Hugh H. Obear, of Washington, D.C. (James A. Reed, Robert J. Ingraham, and Burr S. Stottle, all of Kansas City, Mo., on the brief), for appellee.

Before GARDNER, JOHNSEN, and RIDDICK, Circuit Judges.


This case involves an application of the principles which have been set out in No. 12,793, In re Kansas City Journal-Post Co. (Bostian v. Shapiro), 8 Cir., 144 F.2d 812, decided concurrently herewith, and which need not be repeated here.

The question is whether Newman, president of the bankrupt corporation, had a substantial adverse claim to $75,900 withdrawn by him from the corporation's bank account some time before the bankruptcy, so that he could not, except with his consent, be made subject to a turnover order in summary proceedings. Newman had objected to the summary jurisdiction of the referee and had set out in his response the matters which he contended made him an adverse claimant. A hearing was held, and evidence was adduced. The referee found that Newman was withholding the funds "without the slightest color of title", and entered a turnover order against him. The District Court set aside the order "for want of jurisdiction in the referee to make the order in a summary proceeding." See 51 F. Supp. 1009, 1018, 1019.

As in No. 12,793 the evidence here consisted of the testimony which had been introduced in No. 12,791, In re Kansas City Journal-Post Co. (Bostian v. Schapiro), 8 Cir., 144 F.2d 791, this date decided.

As indicated in our opinions in Nos. 12,791 and 12,793, the evidence showed that, some months before the bankruptcy, Newman had made a contract, in his own name as agent, with General Properties Co., Inc., for the purchase of the secured bonds, some unsecured notes and the capital stock of the insolvent Kansas City Journal-Post Company. Newman later formally assigned the contract to Morris Schapiro, but both he and Schapiro claimed that the actual arrangement between them was that Schapiro was to take everything under the contract except the capital stock, and that Newman was to have the stock. General Properties, which was a Henry L. Doherty family-corporation, had been anxious for some time to get rid of its newspaper interest and was willing to take a radical discount on Doherty's investment, but it still desired to see the newspaper kept going as long as possible. The contract was accordingly made to contain a provision that, in addition to the $100,000 which was to be paid direct to General Properties, the purchaser, as "part consideration for the transfer of said stock, bonds and notes," should "contemporaneously with the delivery of said securities and payment therefor * * * cause to be paid into the Kansas City Journal-Post Company $100,000 additional cash working capital and the furnishing of said additional working capital is a condition precedent." It was further provided that for this $100,000 capital addition the purchaser was to be issued 500 new shares of stock.

The contract actually was assigned to Schapiro's attorney as agent, in order that Schapiro's name would not appear in the transaction.

In form, the contract was a written offer by General Properties to sell, with a notation of acceptance by Newman as agent, which declared that the offer was accepted upon the condition that, at the time of the payment of the money and the delivery of the securities, there also should be delivered to the purchaser an assignment of the International Paper Company's account against the insolvent corporation in the sum of $240,663.98 and accrued interest.

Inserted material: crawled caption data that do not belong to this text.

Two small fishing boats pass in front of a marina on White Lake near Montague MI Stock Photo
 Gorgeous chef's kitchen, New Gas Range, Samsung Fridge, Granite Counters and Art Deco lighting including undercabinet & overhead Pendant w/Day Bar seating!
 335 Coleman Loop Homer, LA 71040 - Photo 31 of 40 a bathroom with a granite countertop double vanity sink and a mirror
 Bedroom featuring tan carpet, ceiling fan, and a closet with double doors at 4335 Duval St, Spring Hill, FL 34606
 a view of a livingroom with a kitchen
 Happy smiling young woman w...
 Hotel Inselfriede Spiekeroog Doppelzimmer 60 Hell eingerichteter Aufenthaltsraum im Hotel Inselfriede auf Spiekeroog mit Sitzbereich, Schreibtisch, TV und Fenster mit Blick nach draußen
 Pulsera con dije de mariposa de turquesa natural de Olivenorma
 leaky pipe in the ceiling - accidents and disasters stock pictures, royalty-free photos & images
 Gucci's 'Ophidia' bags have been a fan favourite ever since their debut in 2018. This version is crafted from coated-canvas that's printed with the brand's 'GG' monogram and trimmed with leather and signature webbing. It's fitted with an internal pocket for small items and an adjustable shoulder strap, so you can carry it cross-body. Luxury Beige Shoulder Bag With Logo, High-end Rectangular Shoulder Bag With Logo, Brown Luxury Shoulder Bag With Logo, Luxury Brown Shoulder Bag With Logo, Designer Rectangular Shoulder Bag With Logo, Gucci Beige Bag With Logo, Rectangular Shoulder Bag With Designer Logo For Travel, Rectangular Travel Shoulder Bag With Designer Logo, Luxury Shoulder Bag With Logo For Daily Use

Newman collaborated with the General Properties' representative in attempting to obtain the assignment, but International Paper refused to give it except upon certain conditions which Newman declared were unacceptable. The offer had provided that time was of the essence, and, on the date agreed upon for performance, the parties got together, and General Properties delivered to Schapiro's attorney the bonds, the notes and the certificates of capital stock assigned in blank, and Schapiro's attorney turned over to General Properties a cashier's check for $100,000 endorsed payable to its order and another cashier's check for $100,000 endorsed payable to the order of the newspaper corporation. There was also delivered to Schapiro's attorney a certificate in his name as agent, for the 500 new shares of stock which were to be issued for the $100,000 capital addition.

There were some other conditions also, not here material.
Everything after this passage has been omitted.